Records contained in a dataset
--------------------------------------------------

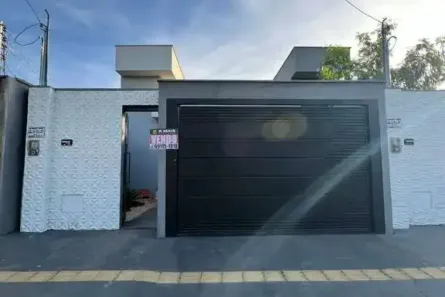 Casa com 3 Quartos à venda, 147m² no Goiá 2, Goiânia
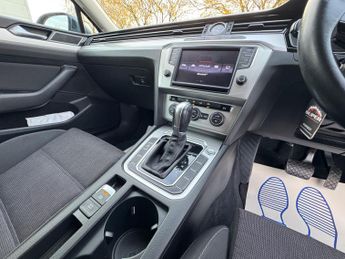 Volkswagen Passat 1.4 TSI S Estate 5dr Petrol DSG Euro 6 (s/s) (150 ps)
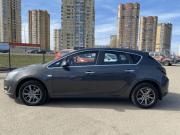 Opel Astra J Рестайлинг Тверь  - изображение 25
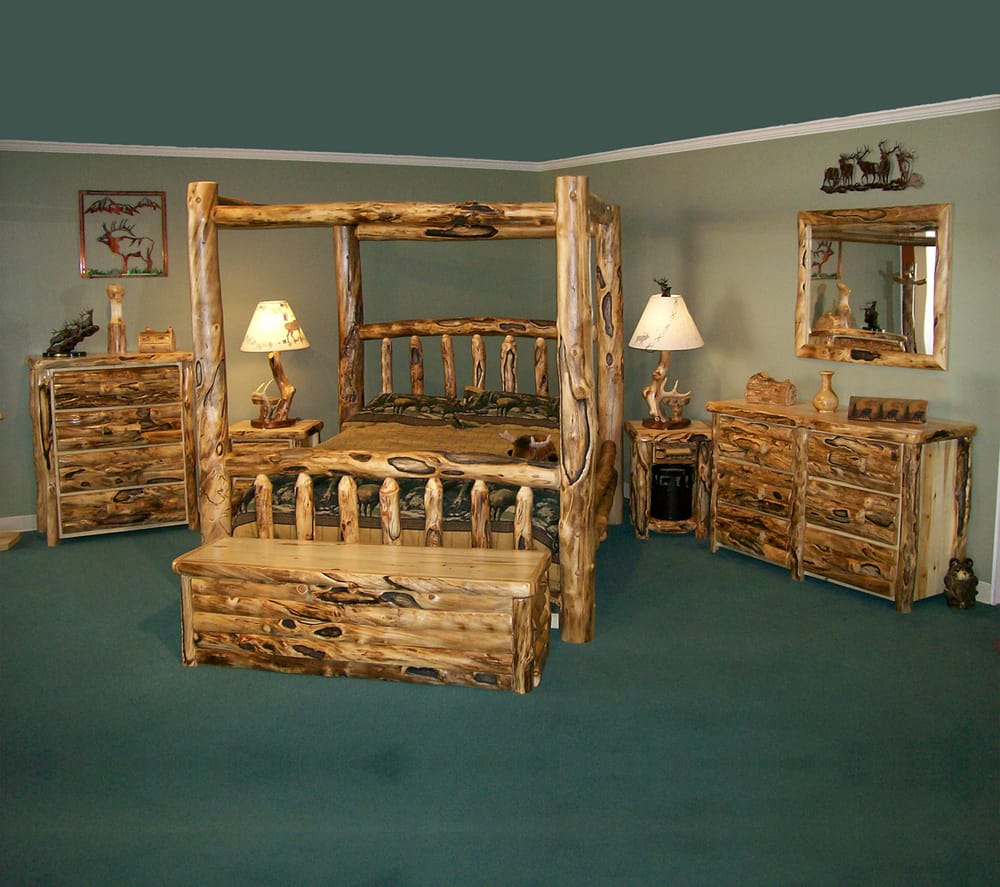 Great Rustic Furniture Company Logo Yelp Photo Of Great Rustic Furniture Company Sevierville Tn United States
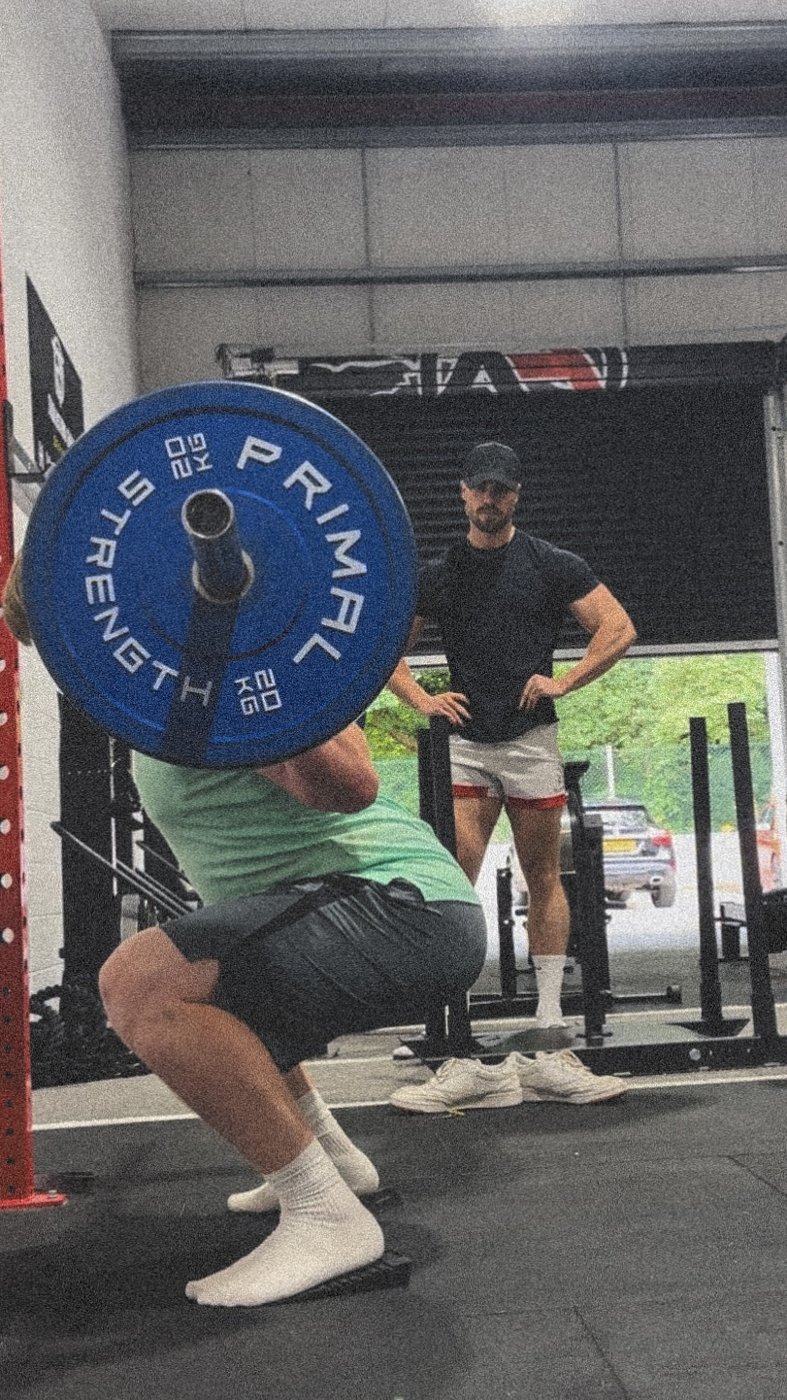 Jack training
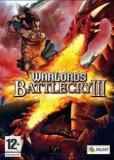 Обложка Warlords: Battlecry 3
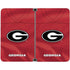 University of Georgia Red Jersey Surface Duo Skin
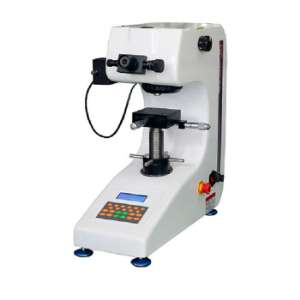 HV-1000Z自动转塔显微维氏硬度计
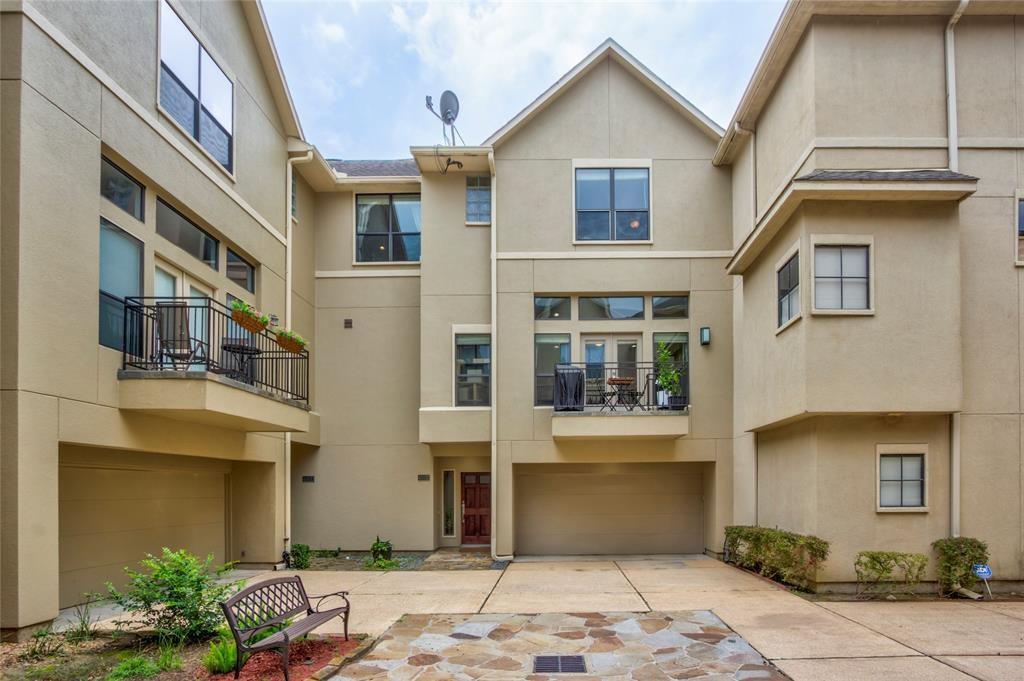 Foto principal - 4303 Rose St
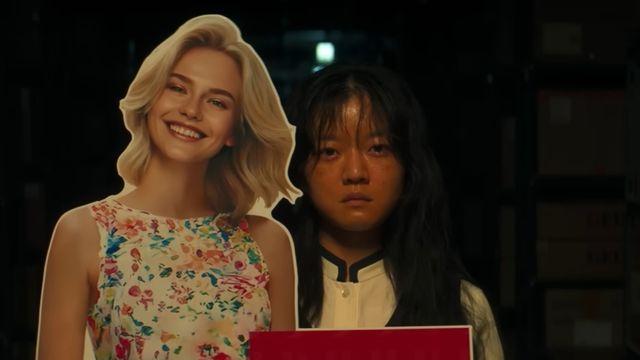 넷플릭스 열일하네…티저부터 반응 들썩인 2월 공개 확정 '한국 영화'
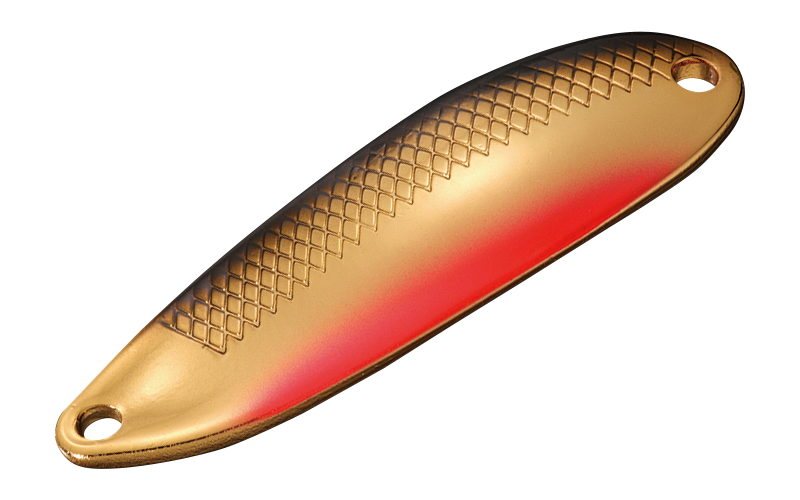 Trout Spoon- Smith - DS Line 4g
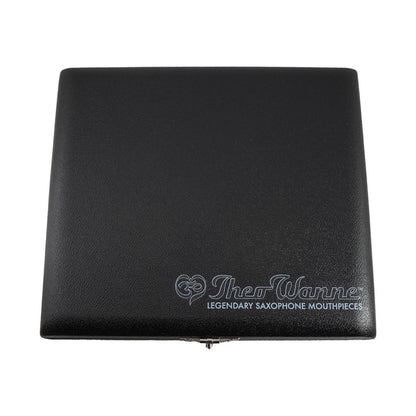 Theo Wanne Premium Reed Case for Tenor Reeds - 5 Reeds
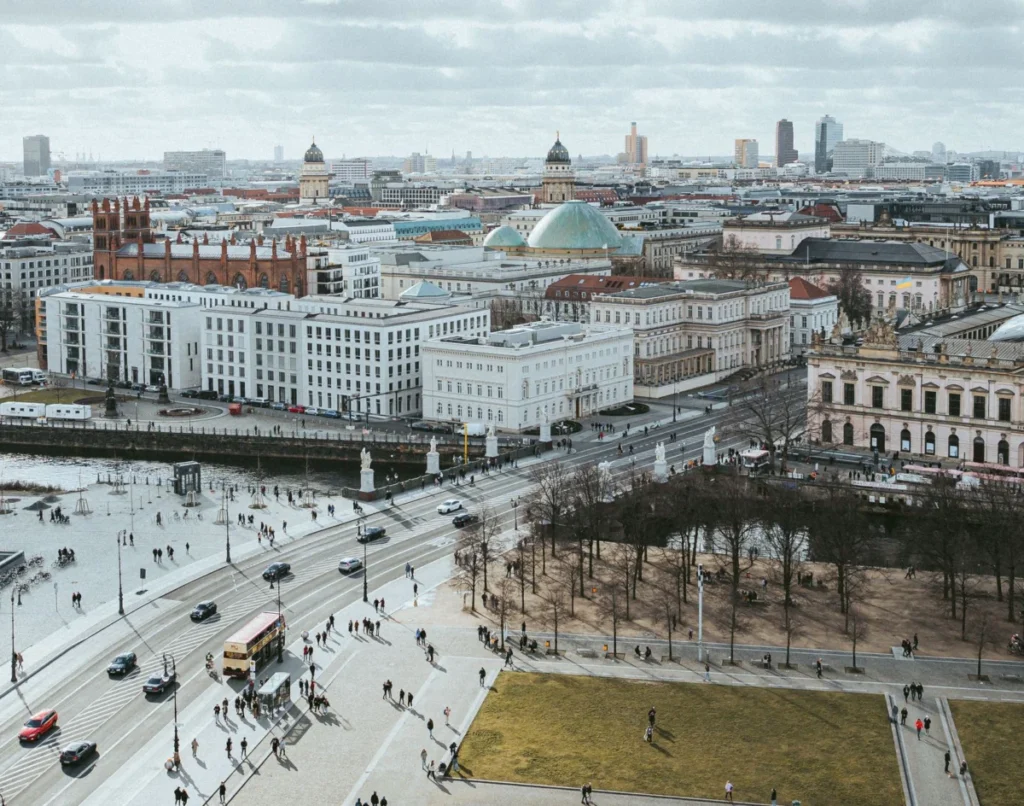 Charlottenburg (Charlottenburg)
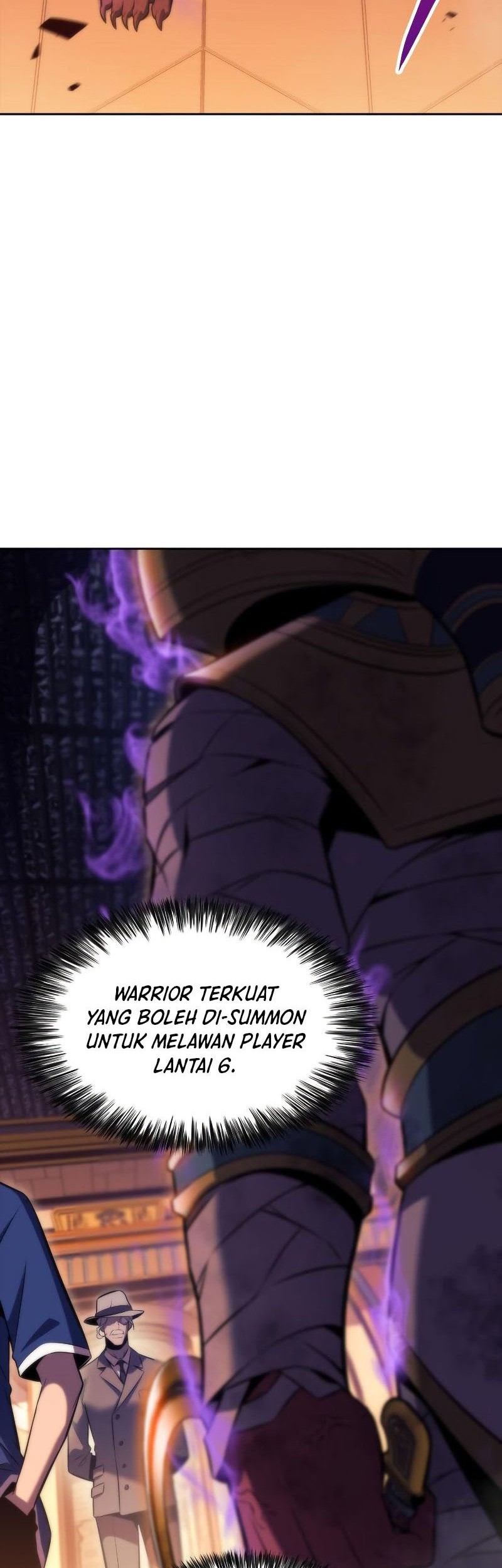 Solo Max-Level Newbie Chapter 72 Gambar 39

--------------------------------------------------

- _AIM OF THE TASK_
Word for word, output the lines from the line bearing "Volkswagen Passat 1.4" through the end of the records above, and only those, without the pictures.

- _SOLUTION_
 Volkswagen Passat 1.4 TSI S Estate 5dr Petrol DSG Euro 6 (s/s) (150 ps)
 Opel Astra J Рестайлинг Тверь  - изображение 25
 Great Rustic Furniture Company Logo Yelp Photo Of Great Rustic Furniture Company Sevierville Tn United States
 Jack training
 Обложка Warlords: Battlecry 3
 University of Georgia Red Jersey Surface Duo Skin
 HV-1000Z自动转塔显微维氏硬度计
 Foto principal - 4303 Rose St
 넷플릭스 열일하네…티저부터 반응 들썩인 2월 공개 확정 '한국 영화'
 Trout Spoon- Smith - DS Line 4g
 Theo Wanne Premium Reed Case for Tenor Reeds - 5 Reeds
 Charlottenburg (Charlottenburg)
 Solo Max-Level Newbie Chapter 72 Gambar 39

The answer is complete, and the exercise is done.